Well, a couple months ago devices with circuits I helped design were implanted into the bodies of 6 people in New Zealand! Part of the implant procedure is putting the patient into ventricular fibrillation, which is reasonably close to death (the heart has stopped pumping blood through the body). Then the doctor checks to make sure the device brings the patient back (obviously with paddles near by in case the device doesn't do its job).

I think that between the two years of waiting for this to happen and not being at the company when it did made the whole thing somewhat anticlimactic for me. Although every once in a while it strikes me that there are six people out there with circuits I helped design in their bodies. And then I think, oh god I hope I didn't screw up! And I feel like I shouldn't claim too much credit in case something bad happens. Actually that is part of my lack of excitement - a lot of what I worked on and pushed for was making sure it would work reliably, which won't be known until lots of people have them for at least five years.

But my primary concern has disappointingly quickly shifted from people's safety to the value of my (trivially small number of) stock options. Well, at least the two are sufficiently linked that I don't have to feel too bad about it. At least I've avoided wishing someone would go into cardiac arrest so the device could save them.

For anyone wondering why New Zealand - my understanding is their version of FDA trials is basically to ask the company to pinky swear that their device won't hurt anyone (seriously I think the company just signs some ethics statement - sometimes the US FDA doesn't seem so bad).

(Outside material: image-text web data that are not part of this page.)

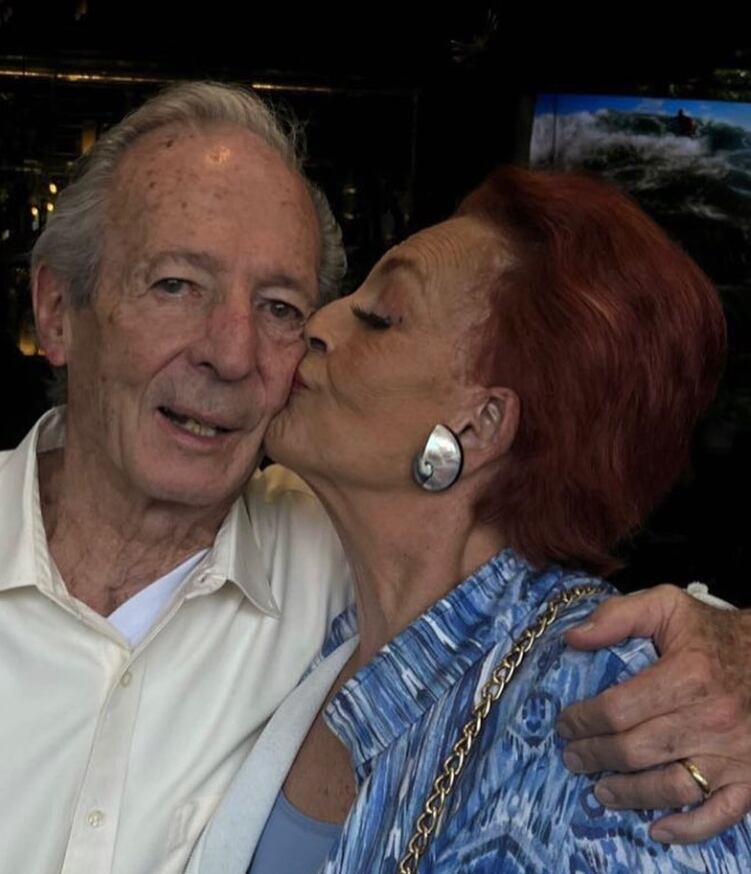 Talina Fernández y su novio José Manuel Fernández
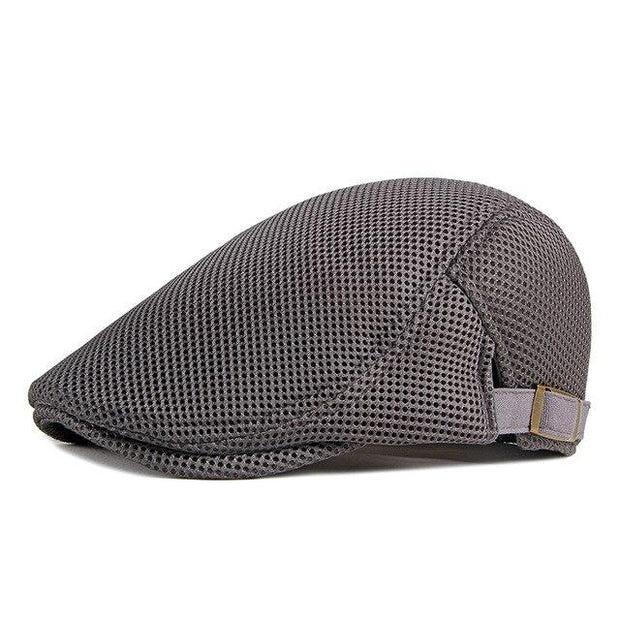 Angelo Ricci™ Breathable Herringbone Casquette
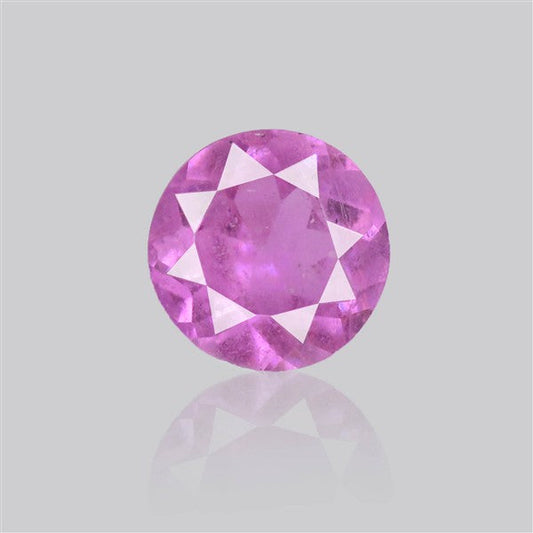 Faceted Chanthaburi Pink Sapphire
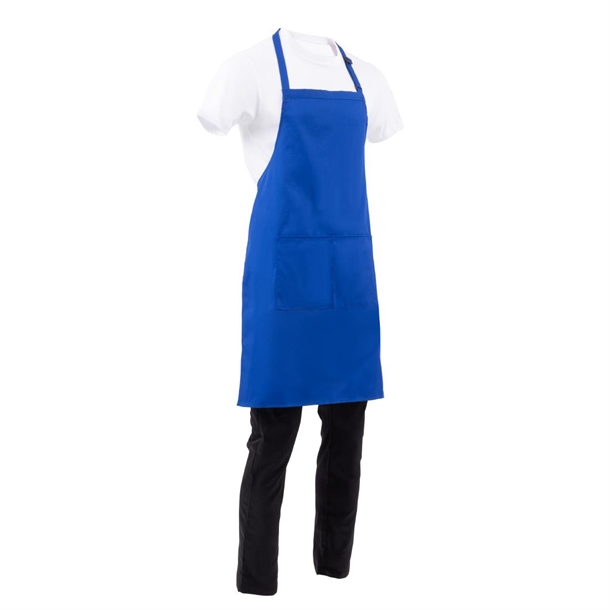 Chef Works Butcher Aprons (F8) Royal Blue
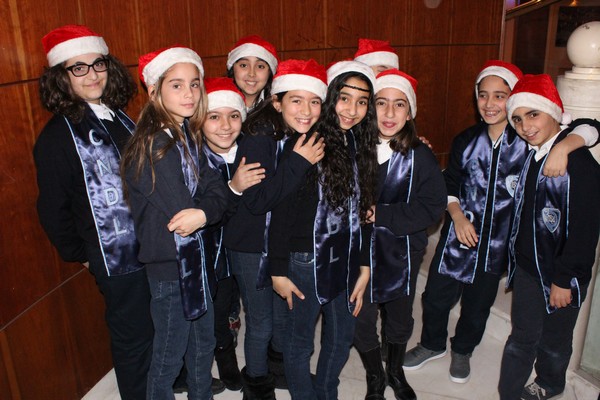 Mrs.Layla El Solh Celebrating Christmas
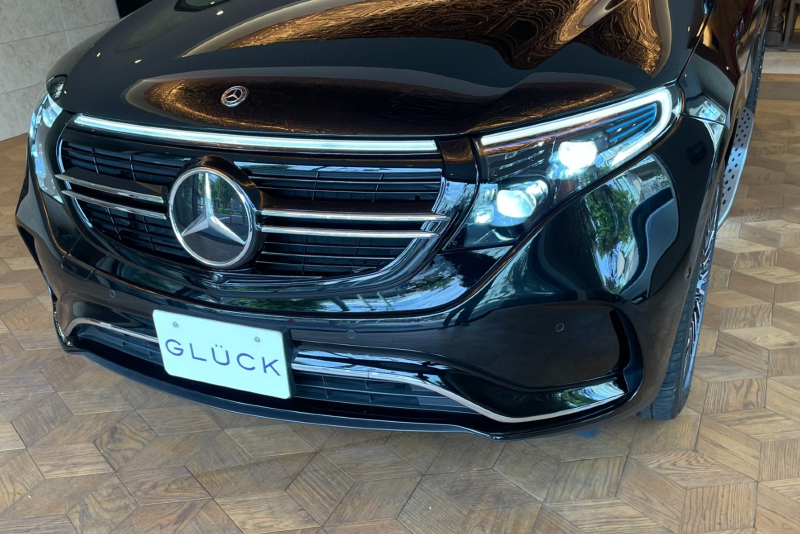 メルセデスベンツ EQC 中古車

Thursday, October 23, 2008

6 Seconds

At work I sometimes use a screen capture program to show results (it takes whatever is on the screen and saves it to an image file). I typically set it to do the capture 8 seconds after I push the go button. It takes me at least one second to then get everything set up how I want it. Then, very often, with at least one second to spare I think to myself - I'm bored. So I've now bounded my time to boredom as less than 6 seconds. I find this disturbing. I could get bored more than 2.5 times during a single scene of Robot Chicken. <Insert lame joke about ending this post due to boredom.>

Life on other planets will be a let down

I realized today that if we ever discover life on other planets, initially it will be a serious let down. There's not going to be a moment of serious excitement, but rather a very long series of small steps.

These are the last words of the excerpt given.